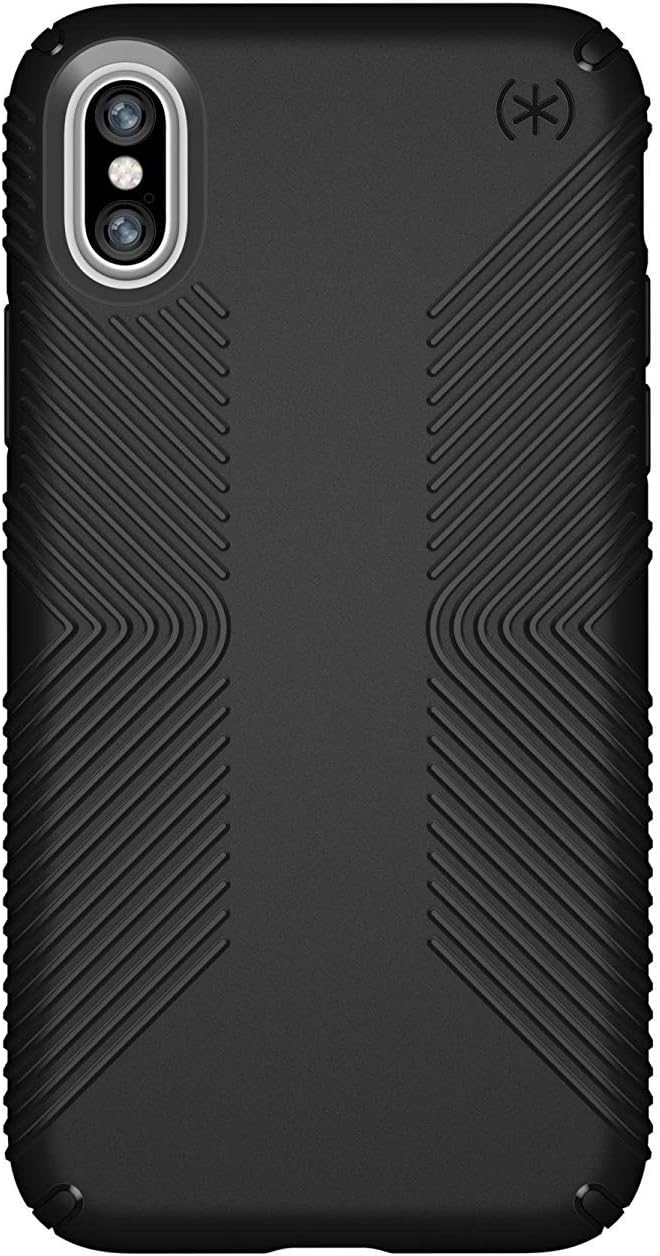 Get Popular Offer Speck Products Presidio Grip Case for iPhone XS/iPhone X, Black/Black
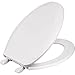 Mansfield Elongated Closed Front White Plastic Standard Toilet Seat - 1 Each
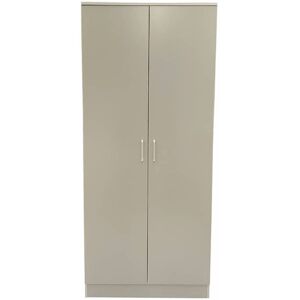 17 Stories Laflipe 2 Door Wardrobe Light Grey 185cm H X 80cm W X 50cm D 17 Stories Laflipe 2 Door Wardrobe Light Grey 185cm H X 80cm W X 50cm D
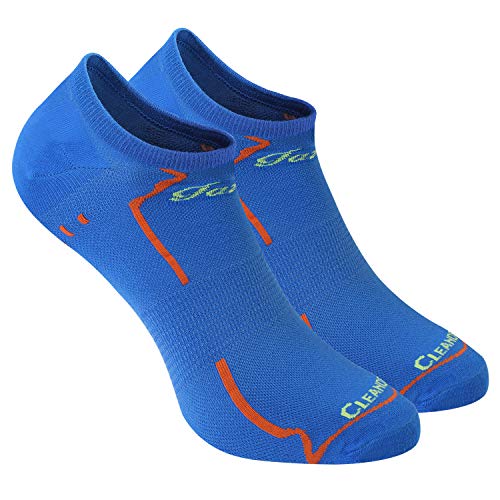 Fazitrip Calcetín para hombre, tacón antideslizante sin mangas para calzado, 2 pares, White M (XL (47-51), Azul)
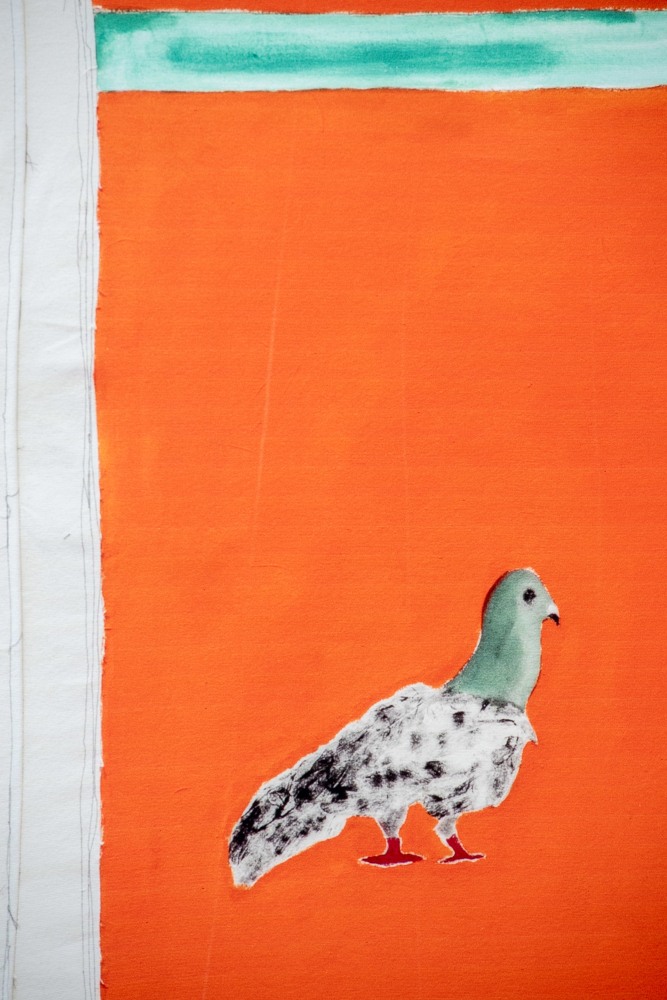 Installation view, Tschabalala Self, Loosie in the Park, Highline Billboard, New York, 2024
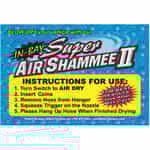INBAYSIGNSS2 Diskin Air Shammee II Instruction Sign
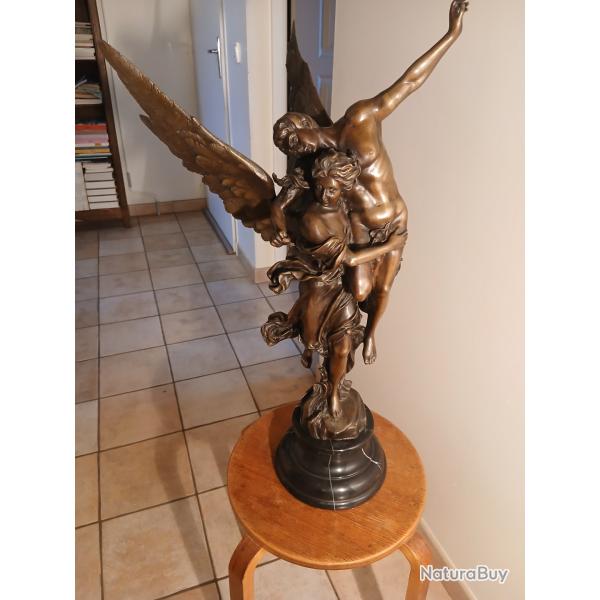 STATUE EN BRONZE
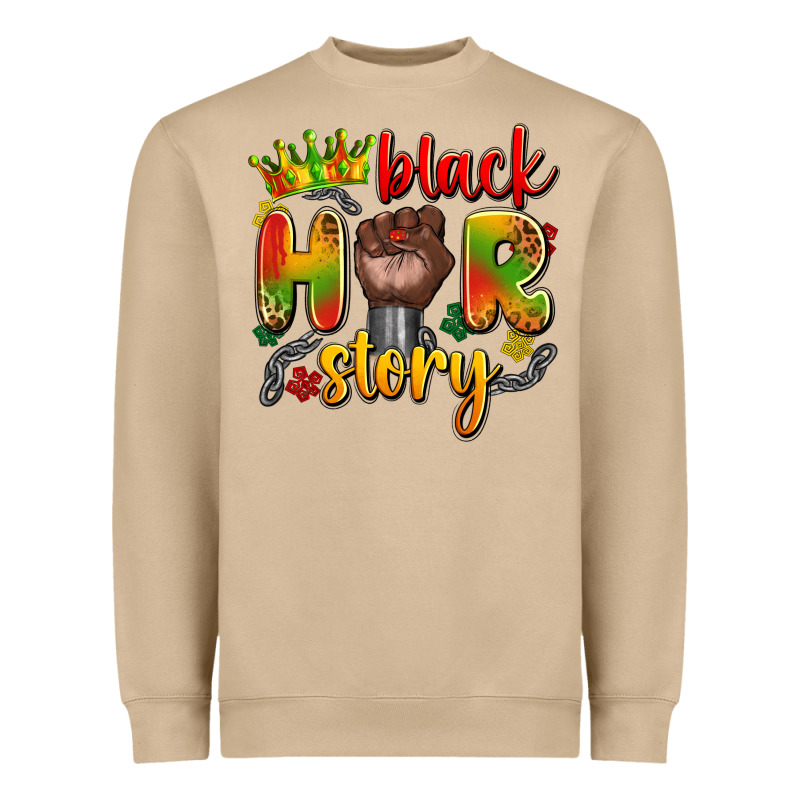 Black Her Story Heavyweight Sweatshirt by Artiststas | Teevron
---
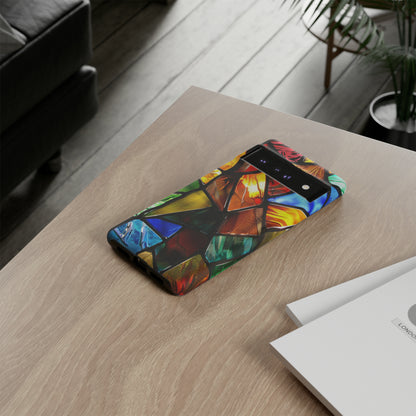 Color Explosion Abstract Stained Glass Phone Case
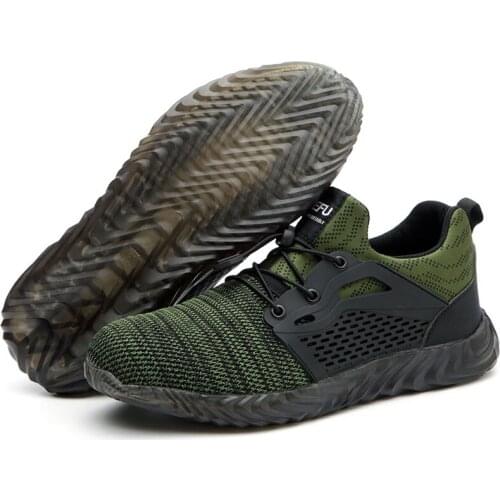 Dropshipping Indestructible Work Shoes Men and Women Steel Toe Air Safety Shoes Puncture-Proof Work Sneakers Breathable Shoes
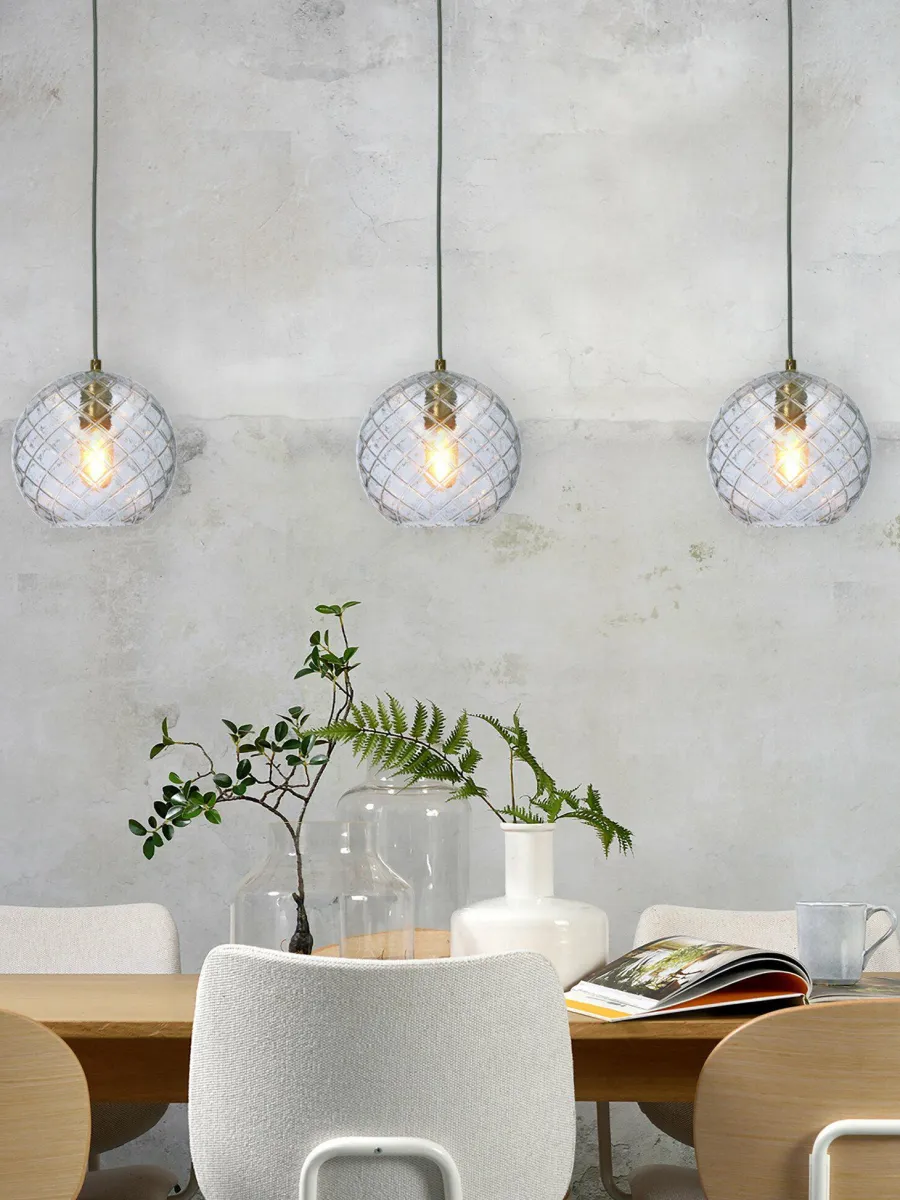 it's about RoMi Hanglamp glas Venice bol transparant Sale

Task goal:
Within the listing above, the stretch from the line with "STATUE EN BRONZE" down to the line with "Black Her Story" is to be given again exactly, end lines included and pictures excluded.

Task response:
 STATUE EN BRONZE
 Black Her Story Heavyweight Sweatshirt by Artiststas | Teevron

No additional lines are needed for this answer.